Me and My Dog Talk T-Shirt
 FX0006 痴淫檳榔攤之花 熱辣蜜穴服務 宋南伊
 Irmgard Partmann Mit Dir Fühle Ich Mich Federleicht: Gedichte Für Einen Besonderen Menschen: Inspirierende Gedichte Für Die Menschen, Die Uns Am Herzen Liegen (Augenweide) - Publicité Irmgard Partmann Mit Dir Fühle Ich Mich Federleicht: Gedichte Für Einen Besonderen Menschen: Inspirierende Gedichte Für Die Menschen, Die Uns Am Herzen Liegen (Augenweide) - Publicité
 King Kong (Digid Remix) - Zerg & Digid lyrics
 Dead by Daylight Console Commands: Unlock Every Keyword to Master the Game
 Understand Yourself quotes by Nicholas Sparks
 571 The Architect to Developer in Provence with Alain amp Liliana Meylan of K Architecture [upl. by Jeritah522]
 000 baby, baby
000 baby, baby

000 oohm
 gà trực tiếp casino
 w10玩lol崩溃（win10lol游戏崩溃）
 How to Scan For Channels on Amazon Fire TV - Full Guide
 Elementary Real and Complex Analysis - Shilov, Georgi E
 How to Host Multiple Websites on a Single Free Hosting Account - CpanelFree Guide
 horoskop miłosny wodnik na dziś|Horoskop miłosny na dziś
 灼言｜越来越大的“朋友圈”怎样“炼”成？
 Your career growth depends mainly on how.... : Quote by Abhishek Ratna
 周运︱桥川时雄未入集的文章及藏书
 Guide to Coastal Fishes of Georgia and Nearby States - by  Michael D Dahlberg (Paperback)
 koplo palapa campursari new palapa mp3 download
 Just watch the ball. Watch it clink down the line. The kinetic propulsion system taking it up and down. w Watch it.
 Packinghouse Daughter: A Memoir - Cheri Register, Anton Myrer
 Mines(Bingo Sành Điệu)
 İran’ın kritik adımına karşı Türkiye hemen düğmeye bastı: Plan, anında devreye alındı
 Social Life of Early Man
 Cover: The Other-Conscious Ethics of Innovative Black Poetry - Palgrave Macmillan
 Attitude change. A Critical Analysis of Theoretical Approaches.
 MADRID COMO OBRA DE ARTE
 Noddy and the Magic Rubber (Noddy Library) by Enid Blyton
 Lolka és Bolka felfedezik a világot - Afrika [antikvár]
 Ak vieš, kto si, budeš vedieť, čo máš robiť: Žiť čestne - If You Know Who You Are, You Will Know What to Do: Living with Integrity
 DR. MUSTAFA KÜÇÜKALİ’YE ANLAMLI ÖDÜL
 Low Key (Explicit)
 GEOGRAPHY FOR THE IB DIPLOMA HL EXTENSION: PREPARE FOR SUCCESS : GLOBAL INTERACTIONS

▬▬▬▬▬▬

Taking the entries above, print exactly the lines starting at the line with "w10玩lol崩溃（win10lol游戏崩溃）" and ending at the line with "Guide to Coastal", both included.

■ ANSWER ■
 w10玩lol崩溃（win10lol游戏崩溃）
 How to Scan For Channels on Amazon Fire TV - Full Guide
 Elementary Real and Complex Analysis - Shilov, Georgi E
 How to Host Multiple Websites on a Single Free Hosting Account - CpanelFree Guide
 horoskop miłosny wodnik na dziś|Horoskop miłosny na dziś
 灼言｜越来越大的“朋友圈”怎样“炼”成？
 Your career growth depends mainly on how.... : Quote by Abhishek Ratna
 周运︱桥川时雄未入集的文章及藏书
 Guide to Coastal Fishes of Georgia and Nearby States - by  Michael D Dahlberg (Paperback)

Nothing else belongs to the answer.